An alternative method which has been employed is that of hot isostatic pressing. Some internal porosity may be sealed by this technique but it is very expensive and the technique has no effect on surface-connected porosity. For some applications some engine manufacturers will not accept components which have been so treated.
DS and SX components are produced in essentially the same types of vacuum furnace. The moulds are constructed upon a water cooled chill plate which is part of the end of a position and speed controllable ram. The moulds are uninsulated and pre-heated in situ in the casting chamber by radiant heating. The cold mould is raised to the casting position by the ram, heated in the casting position to the desired temperature by radiant heating means, Mould temperatures up to 1600.degree. C. may be attained. The molten metal is cast into the mould where it is maintained in the molten condition. Solidification is initiated by slowly withdrawing the mould on the ram from the radiant heating zone such that an essentially planar solid/liquid interface is produced. The solidifying metal is continually fed with liquid metal so that shrinkage or gas porosity is never able to form or become entrapped as there are no closed pockets of liquid metal within solidified metal. The effect of such a solidification method on the structure, however is to produce directionally orientated columnar grains in DS components or a single crystal in SX components where, in the latter, special initial additional steps are taken.
Whilst DS and SX components are invariably sound with regard to porosity they are only used in very arduous applications in some parts of some engines because of the benefits which accrue from the metallurgical structure produced. DS and SX components are expensive to produce because of the relatively slow solidification rate.

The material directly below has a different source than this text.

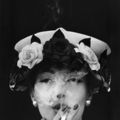 <b>William</b> <b>Klein</b> (1928-) Hat + 5 roses, Paris Vogue, 1956.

For the forseeable future the major proportion of precision cast gas turbine engine components will be of the EA type. It is highly desirable for economic reasons to reduce the level of scrap produced due to the porosity in EA components. A typical scrap level for an EA component may be 30% and for some particularly difficult components the scrap rate may rise to over 50%. It is also economically desirable to be able to pre-heat moulds in situ in the casting furnace in order to eliminate the costly pre-heating stage in external furnaces which is normal with the types of furnace employed for EA castings.
It is also desirable to be able to produce EA, DS and SX components in the same type of furnace with the mimimum amount of alteration.
According to a first aspect of the present invention, apparatus for the production of cast metal components comprises a mould, a casting chamber, metal melting and metal pouring means, a mould chamber adjacent the casting chamber and connected thereto by valve means of sufficient size to allow the mould to pass therethrough, vacuum pump means for producing a reduced pressure in at least the casting chamber, mould heating means, mould moving means to transport the mould between the mould chamber and the casting chamber, and pressurising means connected to the mould chamber for pressurising the mould chamber with a fluid to a pressure sufficient to achieve at least substantial reduction in shrinkage porosity void formation during solidification of molten metal in the mould chamber, wherein the valve means, the mould moving means and the pressurising means are constructed and arranged such that a mould with molten metal therein can be moved from the casting chamber to the mould chamber, the valve means closed and the mould chamber pressurized, all within a time such that the metal is still molten. The provision of mould heating means by, for example, resistance heated molybdenum or induction heated graphite radiant heaters preclude the necessity of having external pre-heating furnaces and attendant mould insulation and allows higher temperature capability together with greater accuracy and flexibility of pre-heating temperatures.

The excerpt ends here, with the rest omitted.